• _DIRECTIONS_:
Word-for-word reproduction, images excluded: copy every entry below.

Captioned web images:
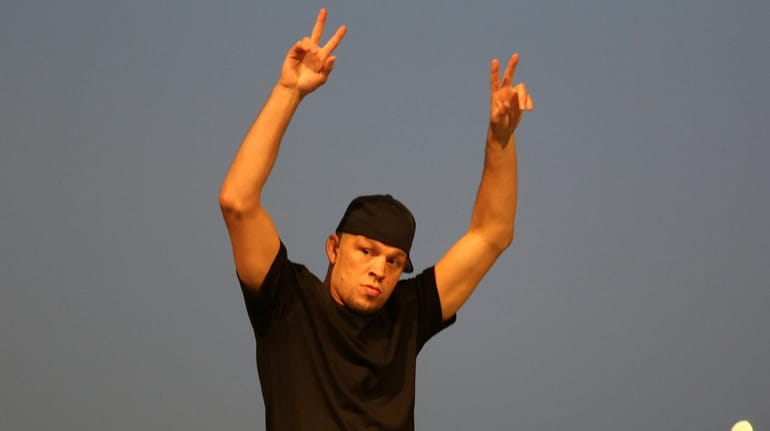 Nate Diaz arrives for a news conference at The Rooftop...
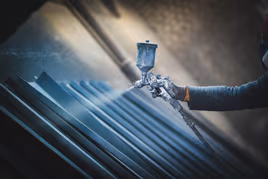 Metal parts sprayed with a surface finish
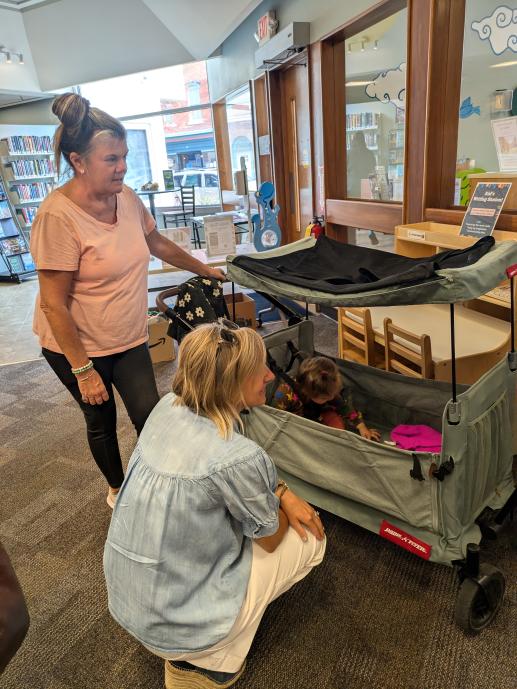 Our speech therapist talking to our little family place patron as they are leaving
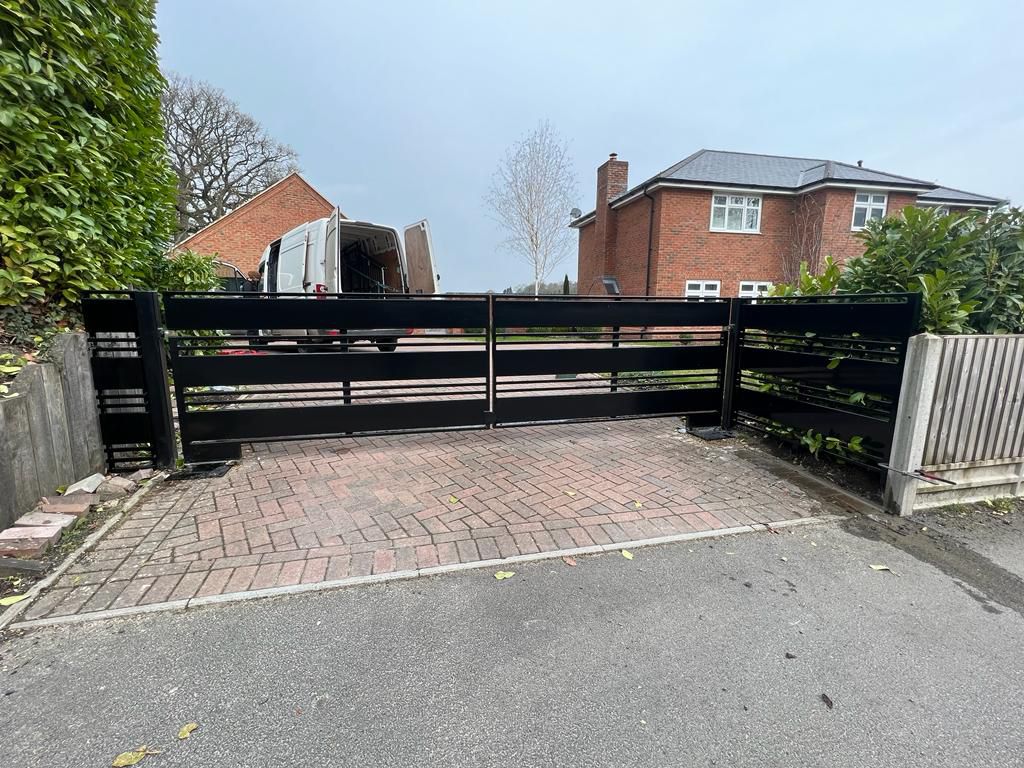 A black metal gate with horizontal slats opens onto a paved driveway leading to a modern brick house. A delivery van is parked in front of the house. Nearby, lush green bushes and trees border the property.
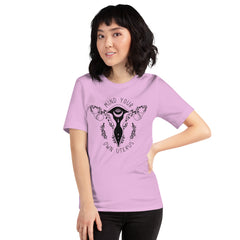 lilac feminist tee that says mind your own uterus featuring a black witchy illustration of a uterus- shop feminist attire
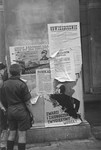 Two Polish boys read the posters and announcements that have been plastered on a pillar in Warsaw during the siege of the capital.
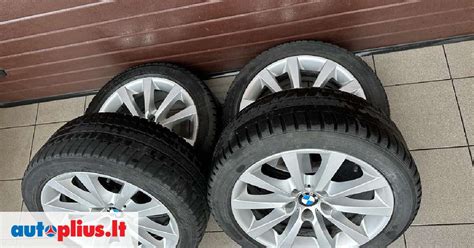BMW automobilio ratas su pusašiu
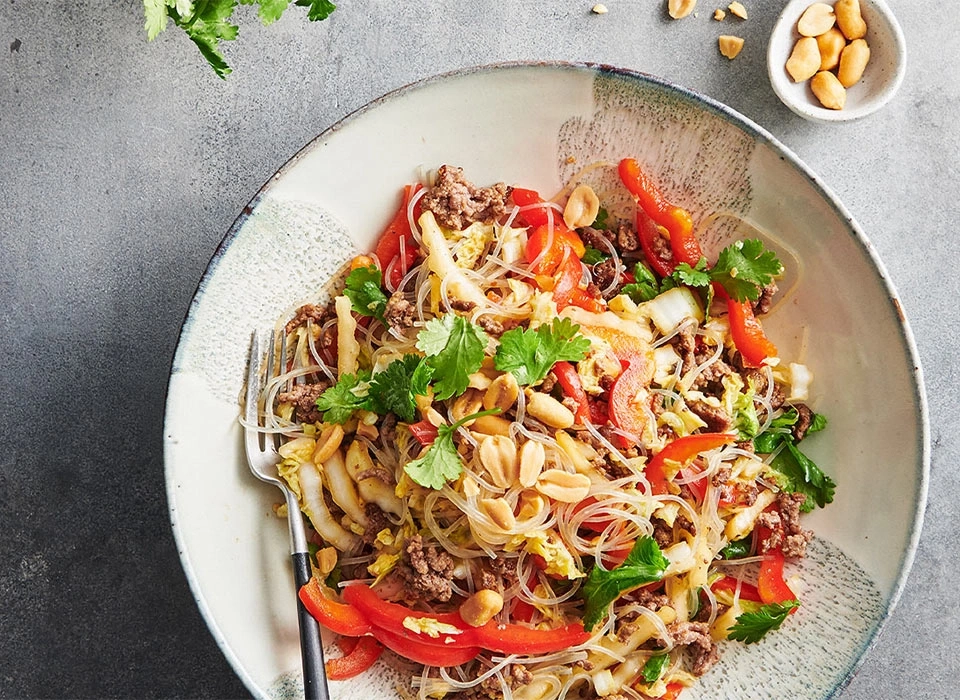 Asiatisches Gericht mit Nudeln, Gemüse, Fleisch und Erdnüssen in einer Schüssel.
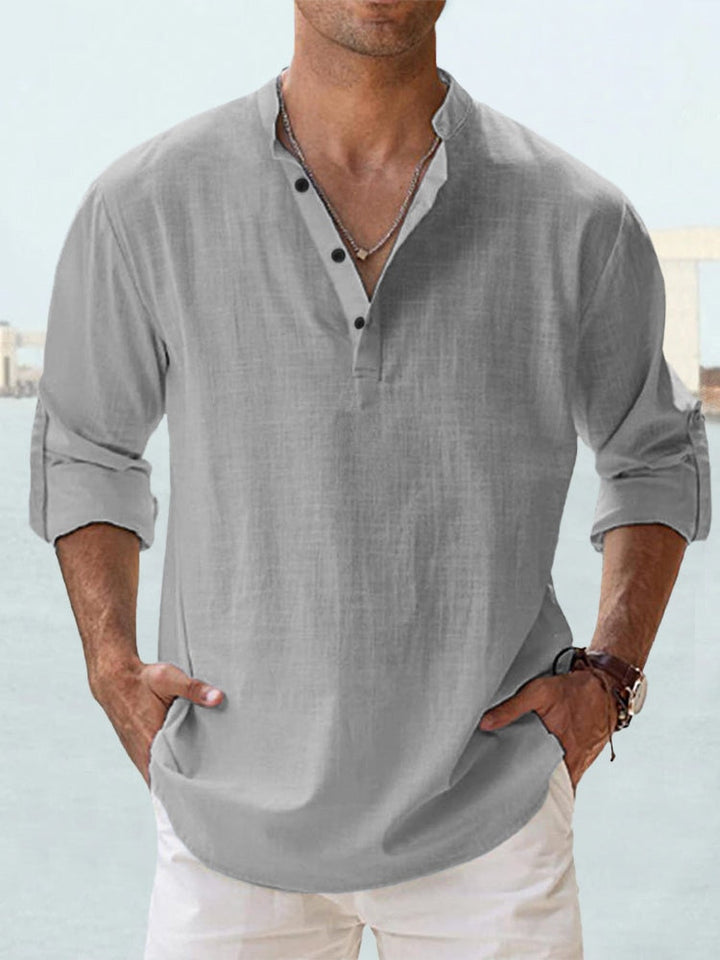 Camicia uomo lino grigia, maniche lunghe arrotolate, colletto alla coreana, abbottonatura parziale, stile casual estivo.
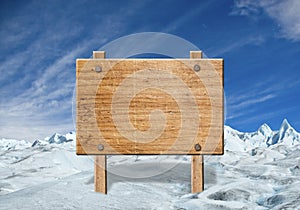 Wooden sign on winter landscape.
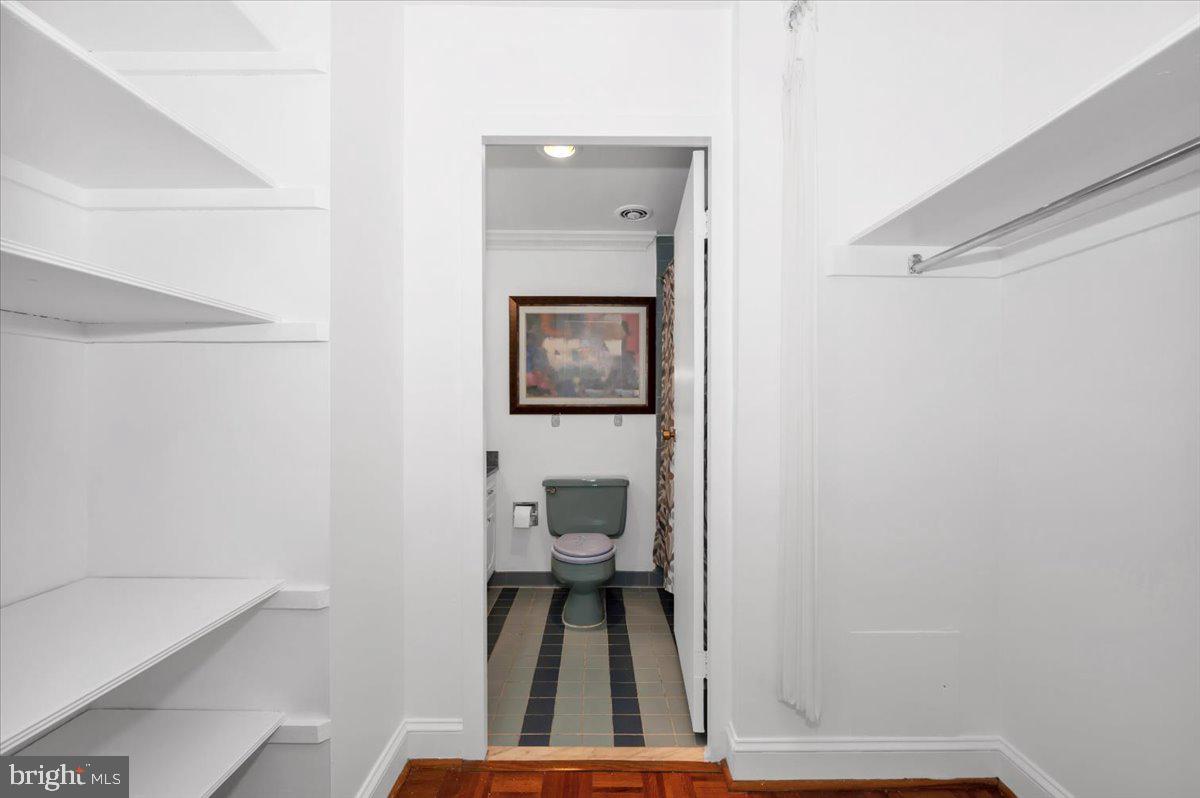 9701 Fields Road, Unit 2206 Gaithersburg, MD 20878 - Photo 16 of 30 a bathroom with a toilet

• _ANSWER BELOW_:
 Nate Diaz arrives for a news conference at The Rooftop...
 Metal parts sprayed with a surface finish
 Our speech therapist talking to our little family place patron as they are leaving
 A black metal gate with horizontal slats opens onto a paved driveway leading to a modern brick house. A delivery van is parked in front of the house. Nearby, lush green bushes and trees border the property.
 lilac feminist tee that says mind your own uterus featuring a black witchy illustration of a uterus- shop feminist attire
 Two Polish boys read the posters and announcements that have been plastered on a pillar in Warsaw during the siege of the capital.
BMW automobilio ratas su pusašiu
 Asiatisches Gericht mit Nudeln, Gemüse, Fleisch und Erdnüssen in einer Schüssel.
 Camicia uomo lino grigia, maniche lunghe arrotolate, colletto alla coreana, abbottonatura parziale, stile casual estivo.
 Wooden sign on winter landscape.
 9701 Fields Road, Unit 2206 Gaithersburg, MD 20878 - Photo 16 of 30 a bathroom with a toilet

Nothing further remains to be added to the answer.